Generally we are to read Scripture as an evolving document, proceeding from primitive times to those of the Lord. Some of the Old Testament prohibitions and commands come from an early culture which yields to a later one. New Testament injunctions sometimes even reverse those from the Hebrew Scriptures. The most famous and most influential was the serious imperative of circumcision. We know that Paul, a truly zealous Pharisee fully intent on maintaining the Law of Moses, called for an end to this requirement when conservative Jewish Christians demanded that gentile Christian converts be circumcised. The presupposition was that to become a disciple of Jesus, they had to first become Jews. Let’s look at a mere sampling of how Jewish law has been changed in Christian times. This list is hardly complete.

Abraham is allowed slaves (Gn 24, 35) and several wives (Gn 25, 1). God commands the tearing down of non-Israelite forms of worship (Ex 34, 13). God demands the sacrifice of every firstborn animal (Ex 34, 19f). Because of the cruelty of boiling a kid in its own mother’s milk, the elaborate practice of kosher cooking was mandatory (Ex 34, 26). God requires that violators of the Sabbath be executed (Ex 35, 2). Hygienic concerns necessitated elaborate cleansing after human contact with a carcass (Lv 5, 2ff). Israelite priests are barred from wine or any strong drink (Lv 10, 9). Some food items eaten today like hares or frogs were forbidden (Lv 11). Women giving birth to sons were ritually unclean for 40 days and to daughters for 80 days (Lv 12, 2-5), as were spouses after love making, for the duration of the day (Lv 15, 18).

“…[D]o not breed any of your domestic animals with others of a different species; do not sow a field of yours with two different kinds of seed; and do not put on a garment woven with two different kinds of thread (Lv 19, 19).” We breed mules in spite of the first clause and likewise put aside the second and third clauses. We are enjoined to not cut hair from our temples nor trim the edges of beards since pagan neighbors gave religious significance to these actions (Lv 19, 27). Cursing ones parents warrants death (Lv 20, 9). “The [Hebrew] priest shall marry a virgin (Lv 21, 13).” A blasphemer is to be stoned to death (Lv 24, 16).

These and many other of the 613 prescriptions of the Law of Moses, the Torah, have been subject to change over the centuries. How then are we to read Scripture, since we know it is God’s inspired word to us? We Catholics invoke sacred tradition, out of which developed both Testaments. In other words, before anything biblical was written, there was a constant handing on (tradire in Latin) of the people’s beliefs and morals, from older to younger. It shocks some to learn that the Gospels were written down in their final form at least 40 years after the death of Jesus.

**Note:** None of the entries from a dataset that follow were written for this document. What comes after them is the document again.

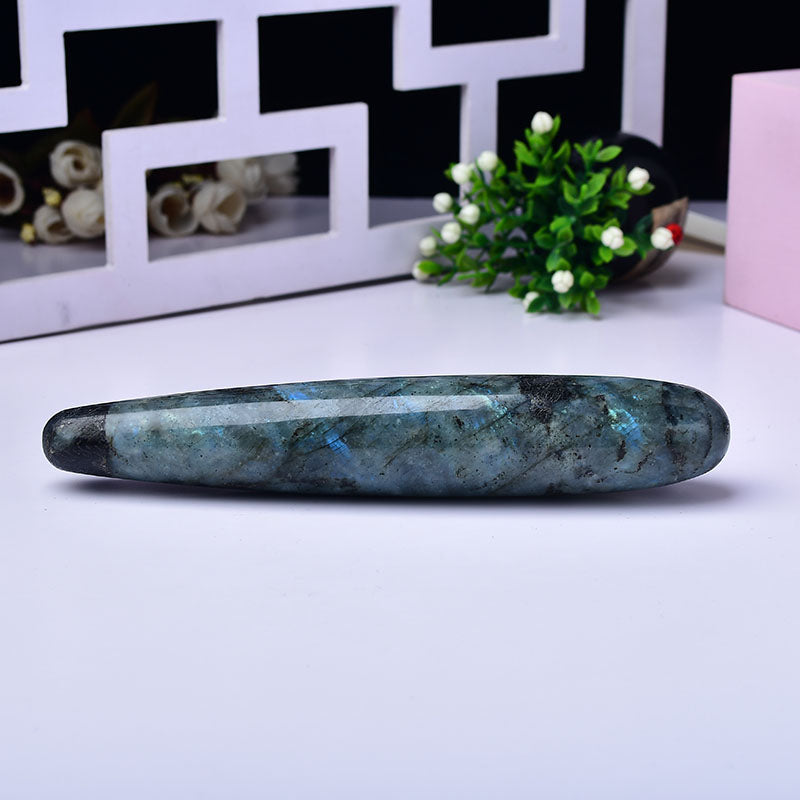 labradorite Yoni wand wholesale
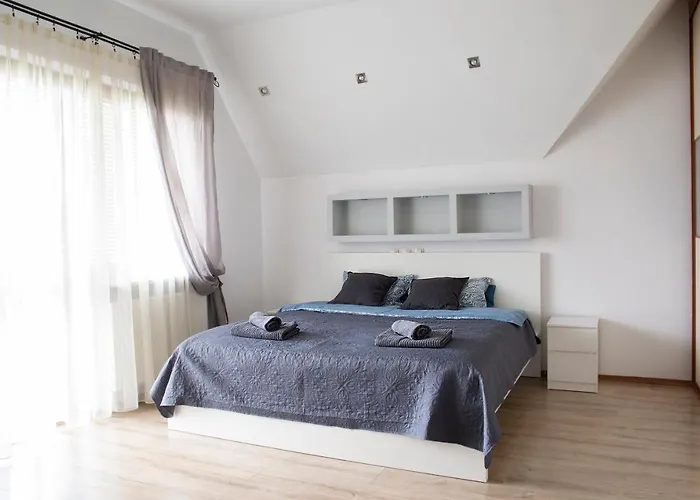 Ancoba House Apartment *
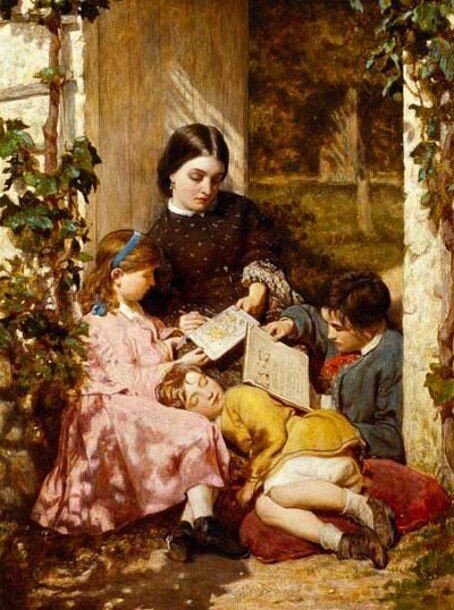 Чарльз Люси "Солнечные часы"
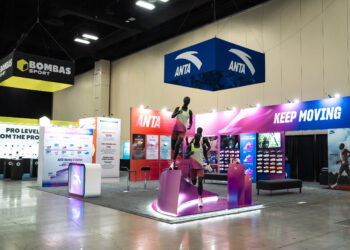 ANTA Makes Its Debut at The Running Event, Unveils New Tech Lineup with Kenenisa Bekele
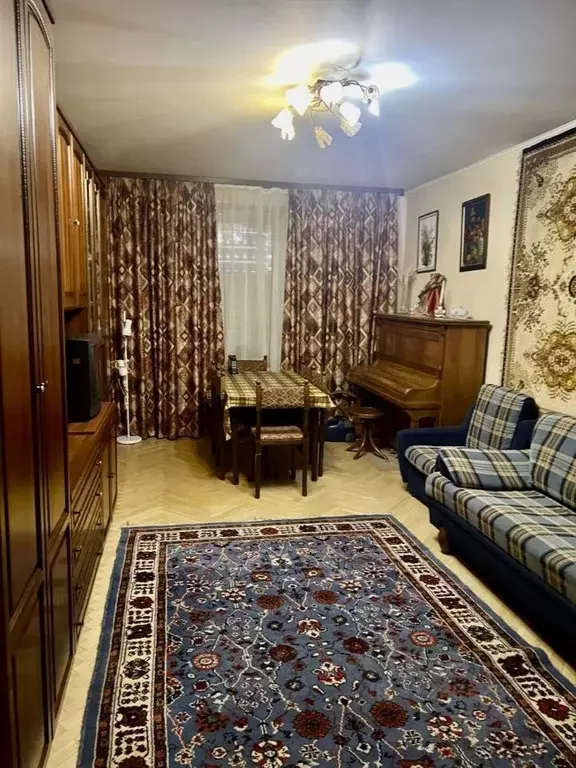 2-к кв. Москва Ленинский просп., 90 (65.0 м) - Фото 1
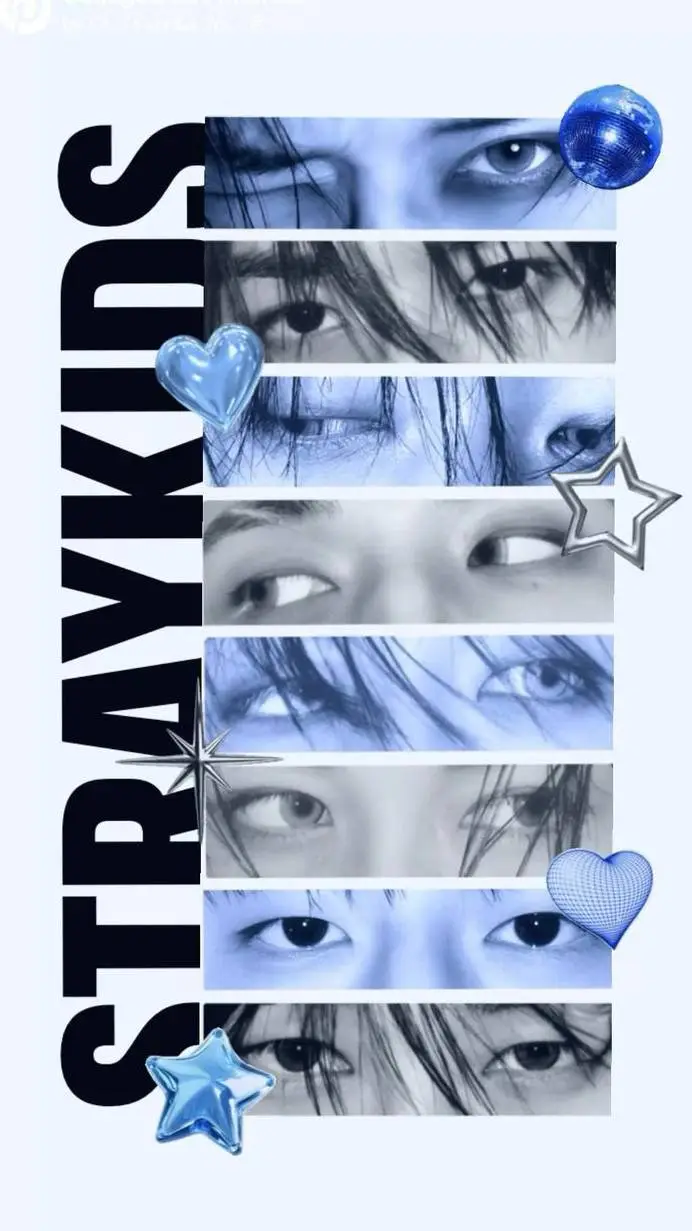 ai character: library (skz) background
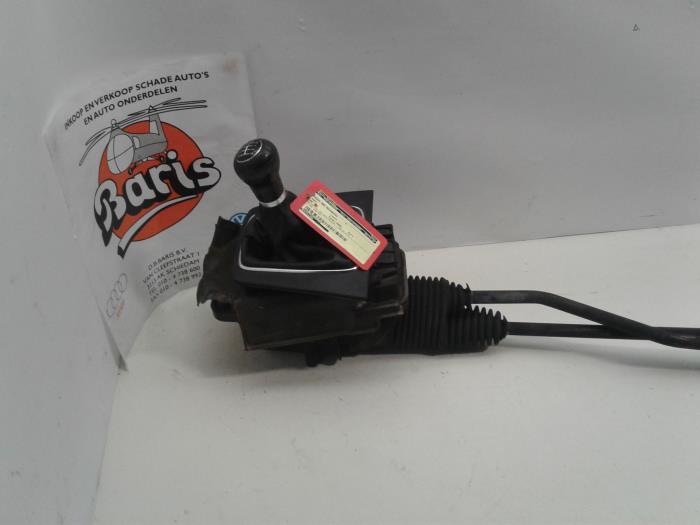 Gear shifter
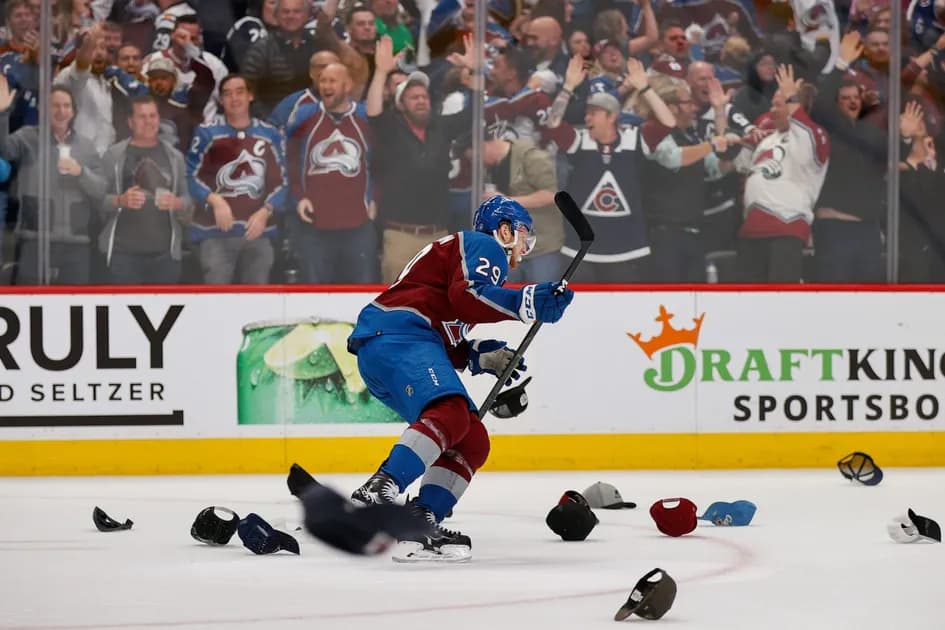 Best NHL player props for Avalanche vs Blues today 5/27: Can MacKinnon have another dominant night?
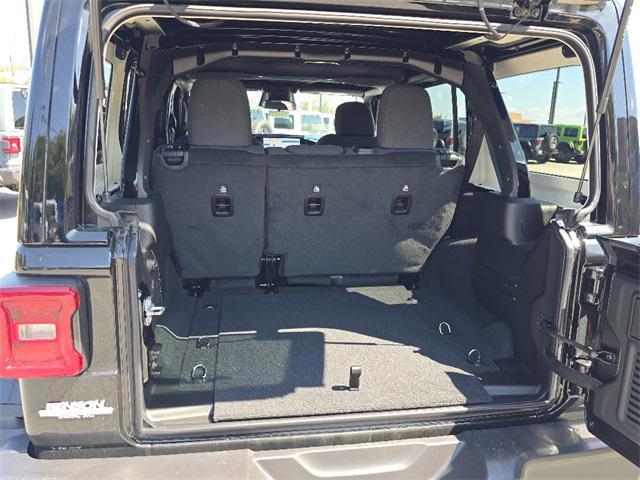 new 2025 Jeep Wrangler car, priced at $56,292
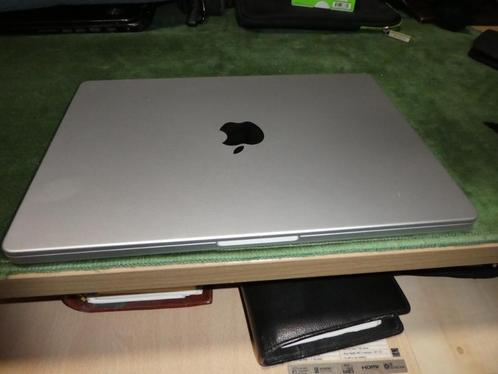 Macbook Pro 2023-M3 Chip, Computers en Software, Apple Macbooks, Zo goed als nieuw, MacBook Pro, 13 inch, 2 tot 3 Ghz, 512 GB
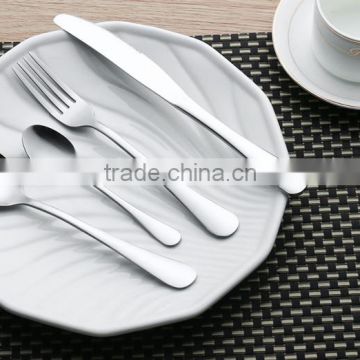 Stainless Steel Cutlery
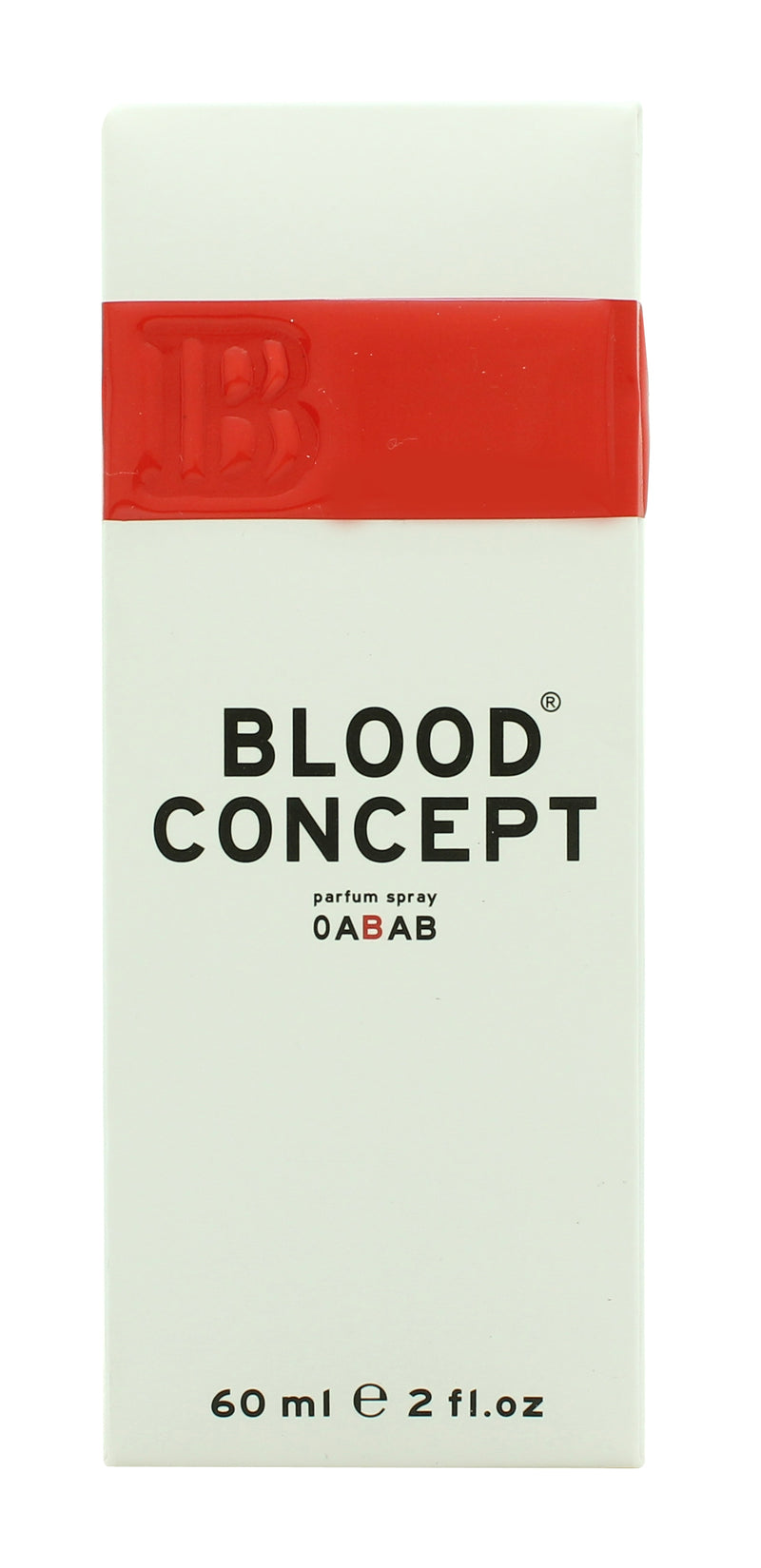 Blood Concept B Eau de Parfum 60ml Spray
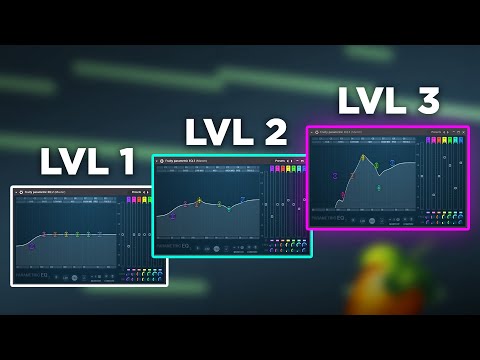 Learn EQ From Noob To PRO (FL Studio 21)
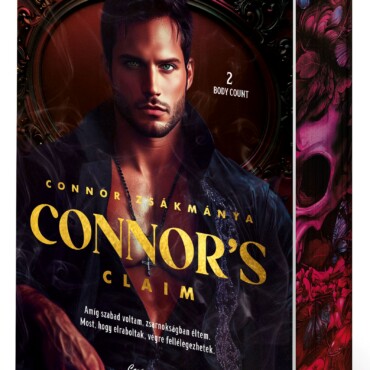 Connor'S Claim - Connor Zsákmánya ( Body Count 2 ) Éldekorált
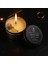 Fiya Candle Mum - %100 Doğal Genel Nemlendirici Losyon Mum - Yak & Erit & Sür Yumuşacık Sağlıklı Eller Için 1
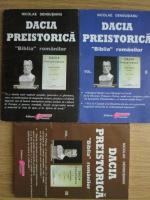 Nicolae Densusianu - Dacia preistorica (volumele 1, 2, 3)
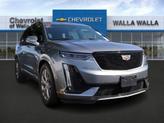 Photo of 2020 Satin Steel Metallic Cadillac XT6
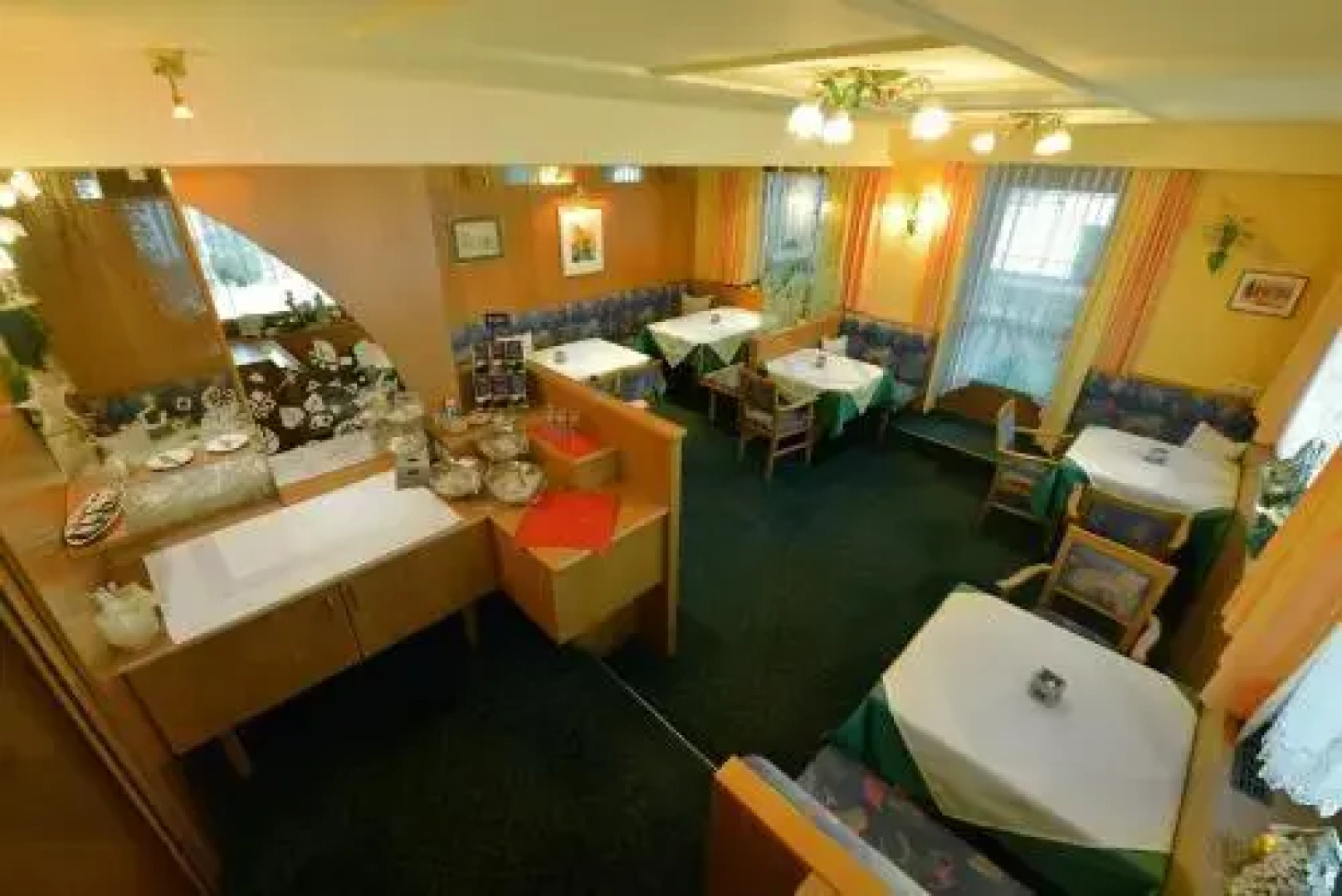 Wellnesspension Tannenhof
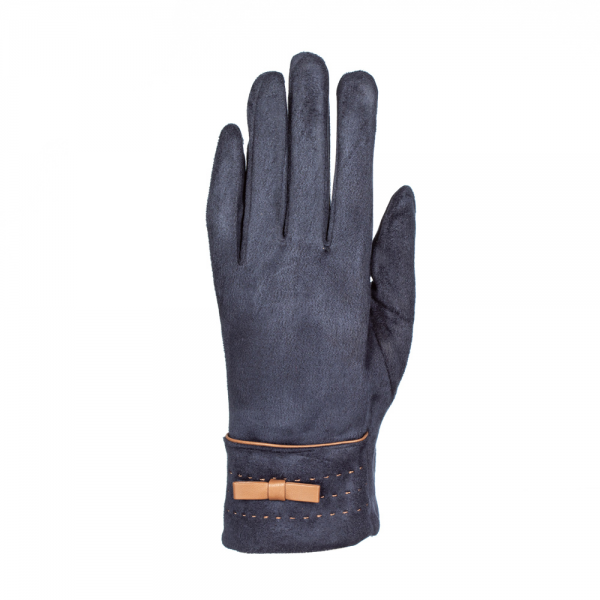 Дамски ръкавици Picty тъмно син цвят - Kalapod.bg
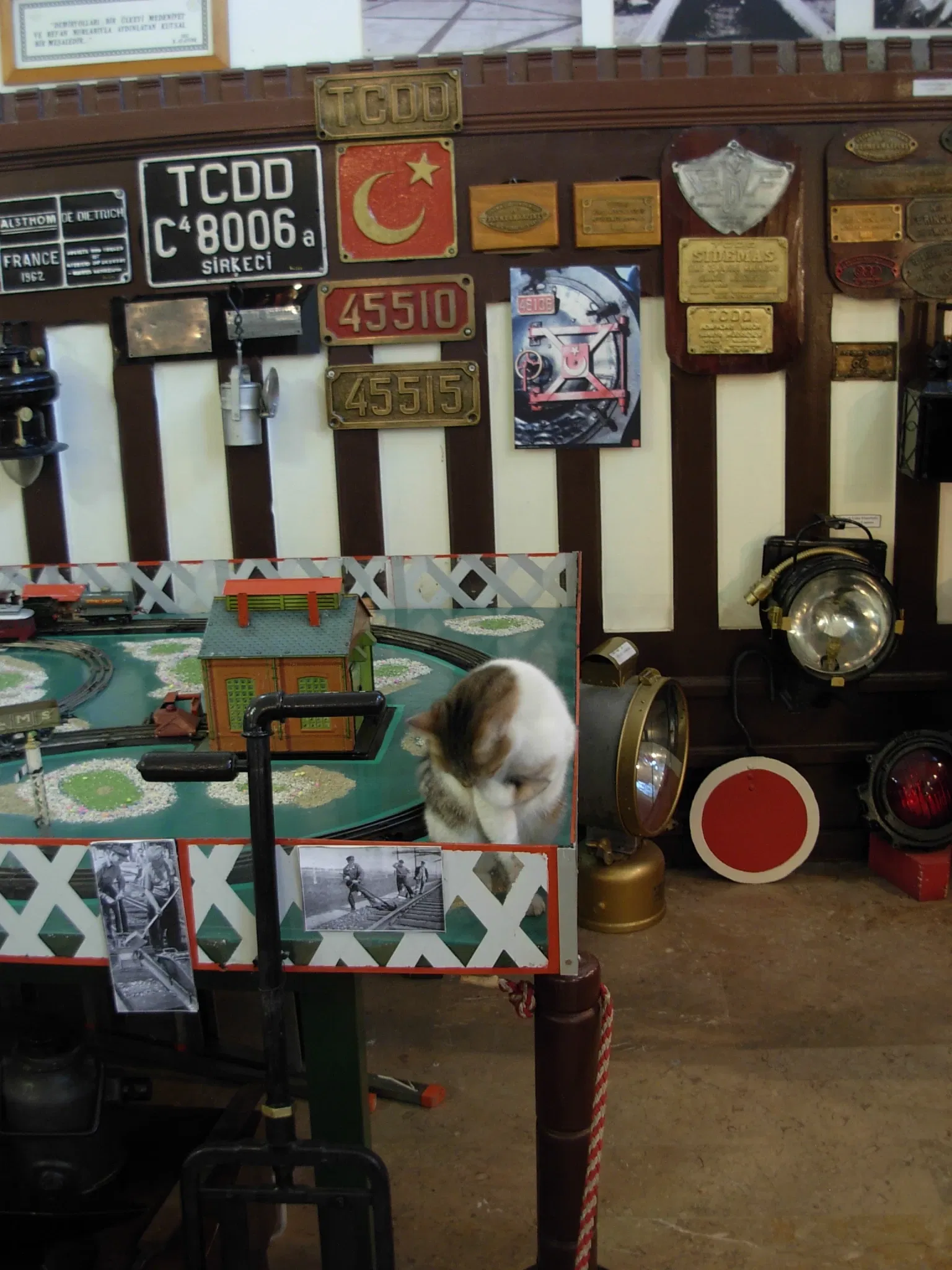 Istanbul Railway Museum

John’s was finished about 100 A.D. or even later. So in that interim, Christian disciples handed on the tradition of the earliest church’s beliefs, from which the evangelists drew their sources. Likewise in the Old Testament, Jews held captive in Babylon between 587 and 538 wrote down in final form traditions already centuries old. Moses lived in the 13th century BC. Ascribing authorship to him of the Torah, the books of Genesis, Exodus, Leviticus, Numbers and Deuteronomy, involves understanding a kind of authorship very different from ours.

Our Protestant friends, following Father Martin Luther, invoke sola scriptura, by Scripture alone are they taught. But without tradition, how are they to transition Scripture through its evolving cultures to understand it in a way that helps them to live it today? Must they execute the many kinds of offenders specified by the Hebrew Scriptures? Must they reduce women to secondary status because the patriarchal society of ancient Israel did? Literalism is biblically fatal.

With our impending presidential campaign, it is timely to review the above since we can expect to hear partisan biblical misinterpretations given as facts.